Coroner Suzanne Anderson concluded that Ben had died as a result of "second impact syndrome" in the first reported incident of its kind in Northern Ireland, and probably in the UK.

The syndrome – the impact of two concussive-type injuries in quick succession – leading to brain swelling, was said to affect teenagers aged 14-18 engaged in sports.

His parents Karen and Peter and their respective spouses Steven and Carol presented a united front in their grief and determination to ensure that all aspects of how this loved teenager died were examined.

The emotion was heightened when video was shown of the fateful rugby game at the school's pitch against Dalriada School, Ballymoney, on January 29, 2011.

Peter Robinson drew attention to the three incidences that his son was involved in separate tackles in the second half of the game, before he fell to the ground just before the end of the match, never to regain consciousness.

He later died on January 31 at Belfast's Royal Victoria Hospital after two tests showed brain stem death.

Mr Robinson, with the precision of a seasoned solicitor, highlighted the first tackle when Ben was shown to have fallen face-first on to the ground.

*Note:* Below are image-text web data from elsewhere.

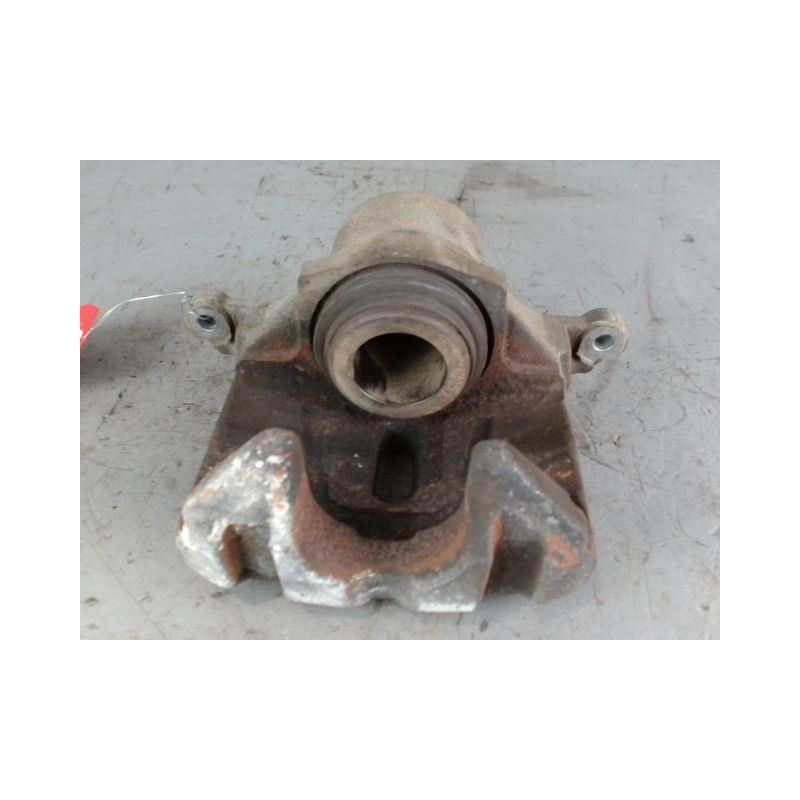 ETRIER DE FREIN AVANT DROIT OPEL INSIGNIA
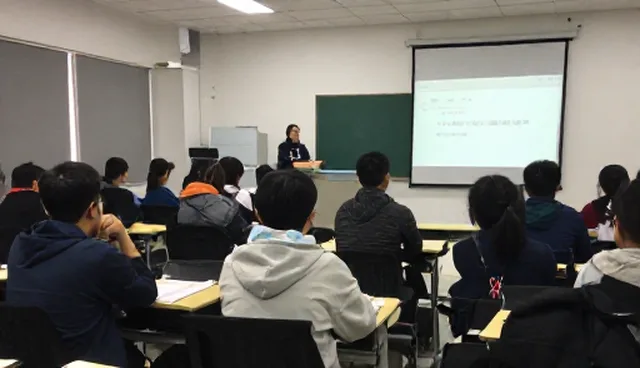 技术选型中的适用边界对比与实际取舍
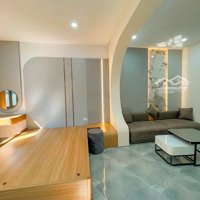 Nhà 10M Ra Phố Trần Hữu Tước - Gần Hồ Dắc Di 44Mx6T[ Thang Máy], Mặt Tiền 4M, Giá Bán 10.9 Tỷ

As Ben did not put his hands to protect himself from the fall, and was seen to have had "whiplash" movement, he contended that he momentarily lost consciousness before hitting the ground.

And contrary to evidence given to the inquest, he had not jumped up immediately to play again, and had lain for several moments after the tackle which had left him "dazed" and hurt.

He showed in specially edited footage of how Ben appeared dazed throughout the second half, how he kept holding his right hand over his right temple.

Ben's parents had contended at the inquest that he should have been taken off after the first tackle.

Outside, his mother Karen Walton said that Ben "was the most lovable, loving, likable, and honest kid. He is missed every second of every day."